**WHAT YOU HAVE TO DO:** In the listing below, write out exactly each line from the first through the one containing "bottles on a".

^^^^

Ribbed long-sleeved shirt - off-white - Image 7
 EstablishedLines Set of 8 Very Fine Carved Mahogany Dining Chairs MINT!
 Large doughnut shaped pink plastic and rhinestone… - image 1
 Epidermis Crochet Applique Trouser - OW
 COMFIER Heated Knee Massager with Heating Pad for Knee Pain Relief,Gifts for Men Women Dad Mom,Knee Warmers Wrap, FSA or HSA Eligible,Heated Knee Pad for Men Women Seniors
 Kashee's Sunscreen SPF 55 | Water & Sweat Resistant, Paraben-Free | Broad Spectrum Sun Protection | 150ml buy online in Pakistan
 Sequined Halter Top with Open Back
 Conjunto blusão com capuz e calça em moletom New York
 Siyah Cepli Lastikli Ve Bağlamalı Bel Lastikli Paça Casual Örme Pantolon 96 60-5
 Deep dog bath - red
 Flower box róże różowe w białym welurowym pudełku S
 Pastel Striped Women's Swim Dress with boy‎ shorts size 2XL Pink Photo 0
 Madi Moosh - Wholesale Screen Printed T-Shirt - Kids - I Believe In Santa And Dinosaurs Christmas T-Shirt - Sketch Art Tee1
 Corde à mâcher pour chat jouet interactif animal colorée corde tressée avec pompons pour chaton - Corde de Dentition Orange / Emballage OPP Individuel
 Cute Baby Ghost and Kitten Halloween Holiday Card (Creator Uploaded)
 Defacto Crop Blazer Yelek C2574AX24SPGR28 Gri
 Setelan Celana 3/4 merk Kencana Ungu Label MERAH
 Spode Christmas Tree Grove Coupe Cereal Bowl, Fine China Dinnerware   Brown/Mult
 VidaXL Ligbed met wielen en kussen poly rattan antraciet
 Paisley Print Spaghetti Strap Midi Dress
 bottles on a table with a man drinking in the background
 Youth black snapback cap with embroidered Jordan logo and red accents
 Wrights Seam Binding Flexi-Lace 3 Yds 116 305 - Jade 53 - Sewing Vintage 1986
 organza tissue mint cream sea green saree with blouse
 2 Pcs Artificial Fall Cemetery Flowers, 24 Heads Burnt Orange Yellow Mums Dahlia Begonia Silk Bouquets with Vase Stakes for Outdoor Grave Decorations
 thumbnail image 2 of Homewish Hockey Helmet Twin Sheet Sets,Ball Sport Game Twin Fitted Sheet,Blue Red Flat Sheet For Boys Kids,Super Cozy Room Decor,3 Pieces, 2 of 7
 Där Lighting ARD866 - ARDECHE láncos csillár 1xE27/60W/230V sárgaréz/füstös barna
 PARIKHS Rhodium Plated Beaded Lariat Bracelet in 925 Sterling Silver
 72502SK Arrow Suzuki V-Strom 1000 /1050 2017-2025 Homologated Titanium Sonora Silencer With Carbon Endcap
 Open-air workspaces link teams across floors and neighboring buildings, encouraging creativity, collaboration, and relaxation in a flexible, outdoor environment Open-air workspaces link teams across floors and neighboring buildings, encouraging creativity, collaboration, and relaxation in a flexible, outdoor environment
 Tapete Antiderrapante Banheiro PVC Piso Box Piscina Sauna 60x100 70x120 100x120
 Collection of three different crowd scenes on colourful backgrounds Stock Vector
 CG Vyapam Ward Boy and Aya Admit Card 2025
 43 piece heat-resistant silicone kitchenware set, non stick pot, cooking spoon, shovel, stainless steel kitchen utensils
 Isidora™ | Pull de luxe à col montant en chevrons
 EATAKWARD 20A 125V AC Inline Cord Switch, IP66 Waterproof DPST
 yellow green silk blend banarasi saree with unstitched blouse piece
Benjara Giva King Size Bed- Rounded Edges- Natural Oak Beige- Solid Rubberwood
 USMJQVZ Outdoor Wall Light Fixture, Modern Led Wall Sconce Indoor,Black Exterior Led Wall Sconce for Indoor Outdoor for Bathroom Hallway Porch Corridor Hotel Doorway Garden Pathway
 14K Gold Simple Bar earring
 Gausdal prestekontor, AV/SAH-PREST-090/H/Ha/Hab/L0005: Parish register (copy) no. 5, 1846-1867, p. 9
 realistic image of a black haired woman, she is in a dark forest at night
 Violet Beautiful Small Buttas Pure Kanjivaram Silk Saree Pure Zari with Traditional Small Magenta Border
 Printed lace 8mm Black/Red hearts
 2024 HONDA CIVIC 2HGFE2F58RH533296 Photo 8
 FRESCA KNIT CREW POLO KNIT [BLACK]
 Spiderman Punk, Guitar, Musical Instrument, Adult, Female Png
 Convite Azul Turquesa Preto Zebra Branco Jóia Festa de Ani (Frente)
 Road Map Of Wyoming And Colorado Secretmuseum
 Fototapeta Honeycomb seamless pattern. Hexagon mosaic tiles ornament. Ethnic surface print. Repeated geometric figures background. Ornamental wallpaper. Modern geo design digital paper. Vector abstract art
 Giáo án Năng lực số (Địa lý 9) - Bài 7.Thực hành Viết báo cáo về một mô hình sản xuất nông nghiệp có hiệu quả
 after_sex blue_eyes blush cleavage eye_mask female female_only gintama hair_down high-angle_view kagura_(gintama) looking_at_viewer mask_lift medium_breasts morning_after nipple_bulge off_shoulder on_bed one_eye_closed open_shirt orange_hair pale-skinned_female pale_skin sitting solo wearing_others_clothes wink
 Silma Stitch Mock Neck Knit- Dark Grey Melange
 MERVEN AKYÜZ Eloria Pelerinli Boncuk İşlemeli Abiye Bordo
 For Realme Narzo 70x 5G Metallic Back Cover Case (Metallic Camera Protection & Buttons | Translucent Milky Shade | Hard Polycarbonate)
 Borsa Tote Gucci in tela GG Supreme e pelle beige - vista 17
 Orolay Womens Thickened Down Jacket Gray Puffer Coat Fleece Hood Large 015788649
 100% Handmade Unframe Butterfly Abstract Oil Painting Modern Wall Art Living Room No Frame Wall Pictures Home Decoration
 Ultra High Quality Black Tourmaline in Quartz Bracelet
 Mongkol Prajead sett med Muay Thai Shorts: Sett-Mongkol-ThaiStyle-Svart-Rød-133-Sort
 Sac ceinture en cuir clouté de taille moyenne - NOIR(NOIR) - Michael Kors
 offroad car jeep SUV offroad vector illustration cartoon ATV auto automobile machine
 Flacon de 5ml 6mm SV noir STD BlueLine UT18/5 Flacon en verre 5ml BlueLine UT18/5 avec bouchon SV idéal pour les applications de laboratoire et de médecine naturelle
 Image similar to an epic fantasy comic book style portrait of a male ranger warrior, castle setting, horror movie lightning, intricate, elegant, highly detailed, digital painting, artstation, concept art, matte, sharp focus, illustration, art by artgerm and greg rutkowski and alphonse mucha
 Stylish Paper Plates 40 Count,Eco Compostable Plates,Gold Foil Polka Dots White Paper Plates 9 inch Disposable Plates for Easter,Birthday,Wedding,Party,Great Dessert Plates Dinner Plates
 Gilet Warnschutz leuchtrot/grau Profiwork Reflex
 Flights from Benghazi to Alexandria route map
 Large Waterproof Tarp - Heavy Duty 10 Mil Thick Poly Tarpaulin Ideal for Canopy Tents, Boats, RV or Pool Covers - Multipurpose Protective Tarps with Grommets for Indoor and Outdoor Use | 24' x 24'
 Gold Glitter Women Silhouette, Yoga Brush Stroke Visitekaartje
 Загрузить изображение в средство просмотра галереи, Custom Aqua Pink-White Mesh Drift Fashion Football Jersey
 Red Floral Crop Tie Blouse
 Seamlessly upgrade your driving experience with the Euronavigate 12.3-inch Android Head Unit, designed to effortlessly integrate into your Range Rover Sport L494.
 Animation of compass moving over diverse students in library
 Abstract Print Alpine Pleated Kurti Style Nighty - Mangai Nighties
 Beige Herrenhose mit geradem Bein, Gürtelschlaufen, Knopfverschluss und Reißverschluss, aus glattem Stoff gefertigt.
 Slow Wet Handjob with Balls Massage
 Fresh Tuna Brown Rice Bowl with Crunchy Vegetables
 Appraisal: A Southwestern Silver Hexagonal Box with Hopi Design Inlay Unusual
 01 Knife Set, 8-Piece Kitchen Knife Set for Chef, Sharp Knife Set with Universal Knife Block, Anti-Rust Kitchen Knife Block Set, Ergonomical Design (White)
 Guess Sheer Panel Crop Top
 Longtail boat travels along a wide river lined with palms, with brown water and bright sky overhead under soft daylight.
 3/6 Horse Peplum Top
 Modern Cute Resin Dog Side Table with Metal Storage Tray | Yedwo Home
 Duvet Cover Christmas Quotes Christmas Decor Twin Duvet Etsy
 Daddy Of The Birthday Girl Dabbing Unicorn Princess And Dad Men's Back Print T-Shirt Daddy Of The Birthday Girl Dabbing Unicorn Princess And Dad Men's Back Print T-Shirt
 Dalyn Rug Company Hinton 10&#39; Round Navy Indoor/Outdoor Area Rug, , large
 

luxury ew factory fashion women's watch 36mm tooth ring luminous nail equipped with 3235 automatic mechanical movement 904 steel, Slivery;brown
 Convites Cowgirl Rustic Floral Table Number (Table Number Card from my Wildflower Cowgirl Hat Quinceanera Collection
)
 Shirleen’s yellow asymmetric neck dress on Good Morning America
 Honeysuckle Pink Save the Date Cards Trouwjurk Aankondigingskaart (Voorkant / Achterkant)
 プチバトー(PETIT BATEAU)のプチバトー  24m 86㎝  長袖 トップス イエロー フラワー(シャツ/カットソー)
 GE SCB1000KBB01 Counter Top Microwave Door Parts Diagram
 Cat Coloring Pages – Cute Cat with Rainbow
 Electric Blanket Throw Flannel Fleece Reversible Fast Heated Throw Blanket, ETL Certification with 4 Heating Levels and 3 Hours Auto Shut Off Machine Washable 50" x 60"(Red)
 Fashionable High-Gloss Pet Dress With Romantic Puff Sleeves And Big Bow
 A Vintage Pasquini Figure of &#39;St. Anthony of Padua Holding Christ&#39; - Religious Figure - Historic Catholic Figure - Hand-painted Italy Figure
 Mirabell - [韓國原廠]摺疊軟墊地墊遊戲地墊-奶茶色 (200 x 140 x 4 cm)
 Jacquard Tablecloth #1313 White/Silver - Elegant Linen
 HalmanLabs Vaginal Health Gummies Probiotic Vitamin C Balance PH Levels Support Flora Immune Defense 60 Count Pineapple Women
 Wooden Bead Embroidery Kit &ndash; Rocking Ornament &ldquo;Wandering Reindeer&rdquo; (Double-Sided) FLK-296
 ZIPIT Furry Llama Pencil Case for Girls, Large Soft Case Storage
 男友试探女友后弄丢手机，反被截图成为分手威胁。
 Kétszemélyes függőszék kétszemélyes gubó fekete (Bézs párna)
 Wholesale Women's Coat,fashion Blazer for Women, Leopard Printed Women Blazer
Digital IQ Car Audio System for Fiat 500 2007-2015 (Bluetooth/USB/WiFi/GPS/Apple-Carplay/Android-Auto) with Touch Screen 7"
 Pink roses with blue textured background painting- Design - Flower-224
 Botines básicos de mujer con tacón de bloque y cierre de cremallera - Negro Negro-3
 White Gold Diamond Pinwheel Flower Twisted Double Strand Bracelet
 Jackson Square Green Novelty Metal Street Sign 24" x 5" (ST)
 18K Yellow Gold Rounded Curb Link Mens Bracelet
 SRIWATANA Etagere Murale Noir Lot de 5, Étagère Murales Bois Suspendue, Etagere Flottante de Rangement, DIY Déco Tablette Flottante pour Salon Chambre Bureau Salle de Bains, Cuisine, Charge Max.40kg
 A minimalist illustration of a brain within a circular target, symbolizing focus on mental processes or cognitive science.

^^^^

**RESPONSE TO THIS EXERCISE:**
Ribbed long-sleeved shirt - off-white - Image 7
 EstablishedLines Set of 8 Very Fine Carved Mahogany Dining Chairs MINT!
 Large doughnut shaped pink plastic and rhinestone… - image 1
 Epidermis Crochet Applique Trouser - OW
 COMFIER Heated Knee Massager with Heating Pad for Knee Pain Relief,Gifts for Men Women Dad Mom,Knee Warmers Wrap, FSA or HSA Eligible,Heated Knee Pad for Men Women Seniors
 Kashee's Sunscreen SPF 55 | Water & Sweat Resistant, Paraben-Free | Broad Spectrum Sun Protection | 150ml buy online in Pakistan
 Sequined Halter Top with Open Back
 Conjunto blusão com capuz e calça em moletom New York
 Siyah Cepli Lastikli Ve Bağlamalı Bel Lastikli Paça Casual Örme Pantolon 96 60-5
 Deep dog bath - red
 Flower box róże różowe w białym welurowym pudełku S
 Pastel Striped Women's Swim Dress with boy‎ shorts size 2XL Pink Photo 0
 Madi Moosh - Wholesale Screen Printed T-Shirt - Kids - I Believe In Santa And Dinosaurs Christmas T-Shirt - Sketch Art Tee1
 Corde à mâcher pour chat jouet interactif animal colorée corde tressée avec pompons pour chaton - Corde de Dentition Orange / Emballage OPP Individuel
 Cute Baby Ghost and Kitten Halloween Holiday Card (Creator Uploaded)
 Defacto Crop Blazer Yelek C2574AX24SPGR28 Gri
 Setelan Celana 3/4 merk Kencana Ungu Label MERAH
 Spode Christmas Tree Grove Coupe Cereal Bowl, Fine China Dinnerware   Brown/Mult
 VidaXL Ligbed met wielen en kussen poly rattan antraciet
 Paisley Print Spaghetti Strap Midi Dress
 bottles on a table with a man drinking in the background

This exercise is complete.